Thoughts on Bartleby

The inherent simplicity of the character, Bartleby, is only made so by Melville’s preference to not divulge any of his background or insight into his character.  But it’s that same simplicity that allows for any number of contemplations on the meaning of Bartleby’s story (“Bartleby, the Scrivener: A Tale of Wall Street”), thus making it actually rather complex.  Bartleby is seemingly homeless, as he takes up residence in our narrator’s office, and his disinterest in human interaction leads one to also assume he is mentally ill in some capacity.  But really, we can’t be the least bit certain of any of these inferences.  From another perspective, Bartleby could be representative of all “misunderstood” individuals, of which Melville was one.  Because Melville was not well respected until after his death, it’s likely he was writing a bit of himself into the character of Bartleby.

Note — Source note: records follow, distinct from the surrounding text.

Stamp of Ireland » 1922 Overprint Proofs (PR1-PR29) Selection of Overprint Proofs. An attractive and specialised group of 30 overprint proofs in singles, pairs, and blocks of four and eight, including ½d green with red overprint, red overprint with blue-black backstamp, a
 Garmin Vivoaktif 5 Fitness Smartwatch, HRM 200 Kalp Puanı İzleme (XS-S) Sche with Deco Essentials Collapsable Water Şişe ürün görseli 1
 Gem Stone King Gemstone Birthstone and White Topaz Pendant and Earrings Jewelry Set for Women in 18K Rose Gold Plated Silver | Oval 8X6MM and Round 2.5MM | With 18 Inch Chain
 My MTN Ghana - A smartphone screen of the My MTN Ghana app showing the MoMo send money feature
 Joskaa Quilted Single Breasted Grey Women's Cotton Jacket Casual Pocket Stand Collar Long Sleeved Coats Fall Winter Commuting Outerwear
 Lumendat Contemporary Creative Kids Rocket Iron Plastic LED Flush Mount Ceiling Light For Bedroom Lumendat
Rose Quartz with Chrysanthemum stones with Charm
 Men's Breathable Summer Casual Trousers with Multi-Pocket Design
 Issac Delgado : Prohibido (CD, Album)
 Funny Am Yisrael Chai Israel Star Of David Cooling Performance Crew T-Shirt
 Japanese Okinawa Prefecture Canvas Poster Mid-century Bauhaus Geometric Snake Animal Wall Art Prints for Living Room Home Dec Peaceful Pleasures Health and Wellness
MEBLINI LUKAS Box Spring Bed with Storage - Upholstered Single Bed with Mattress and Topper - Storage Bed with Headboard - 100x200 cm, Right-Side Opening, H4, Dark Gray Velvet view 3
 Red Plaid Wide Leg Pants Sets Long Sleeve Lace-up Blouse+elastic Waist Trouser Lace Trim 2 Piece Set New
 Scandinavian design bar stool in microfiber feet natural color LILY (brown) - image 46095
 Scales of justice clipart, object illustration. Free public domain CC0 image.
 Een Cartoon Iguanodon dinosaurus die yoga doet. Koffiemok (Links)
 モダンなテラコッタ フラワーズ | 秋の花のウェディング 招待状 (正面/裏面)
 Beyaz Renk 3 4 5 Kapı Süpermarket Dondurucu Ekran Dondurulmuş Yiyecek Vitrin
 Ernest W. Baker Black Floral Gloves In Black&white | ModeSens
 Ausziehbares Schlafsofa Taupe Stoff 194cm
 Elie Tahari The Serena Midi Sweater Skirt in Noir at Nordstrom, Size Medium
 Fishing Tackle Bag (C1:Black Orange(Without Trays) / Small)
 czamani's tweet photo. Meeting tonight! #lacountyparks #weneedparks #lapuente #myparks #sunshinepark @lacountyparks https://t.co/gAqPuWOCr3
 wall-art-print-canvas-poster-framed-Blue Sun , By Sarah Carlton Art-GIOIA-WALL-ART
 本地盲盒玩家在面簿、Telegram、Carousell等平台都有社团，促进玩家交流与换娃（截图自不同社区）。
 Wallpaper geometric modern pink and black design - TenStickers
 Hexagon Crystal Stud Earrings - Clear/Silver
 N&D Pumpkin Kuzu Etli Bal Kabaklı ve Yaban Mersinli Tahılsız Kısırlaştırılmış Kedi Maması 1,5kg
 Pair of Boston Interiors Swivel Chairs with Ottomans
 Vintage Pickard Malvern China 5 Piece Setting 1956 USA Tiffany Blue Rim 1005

The “mildness” of Bartleby’s character is at first rather funny, and the narrator even found it “not only disarmed [him], but unmanned [him], as it were” (Melville 5).  And the other employees he asks for advice on how to deal with Bartleby are equally amusing, especially considering the known invalidity of their statements based on the time of day’s influence on their particular personalities.  As we learn more (while it’s still only a little) about Bartleby’s character, after the narrator discovers he is living in the office, the tale becomes a more tragic and sympathetic one.

What miserable friendlessness and loneliness are here revealed! His poverty is great; but his solitude, how horrible!” (6).

Eventually, the suffering soul of Bartleby led to his self-inflicted death—his body ceased preferring to carry its own dead soul around.  While the narrator finds it sad that he did not seemingly have enough money to live elsewhere, he believed the true tragedy of Bartleby to be the terrible lonesomeness that must come with such a residence.  And it was that very solitude that the narrator cannot understand (and which made him greatly pity Bartleby), and which anyone who has not experienced a similar time being so alone could not relate.  But it does seem Melville could relate to Bartleby, and because the story seems a commentary on humanity as a whole, many others understand that lonesomeness as well.  And maybe another reason Melville gave us so little of Bartleby was so all of his “misunderstood” readers could more easily identify (by writing their own life details in) and thus personally make sense of the very flat character.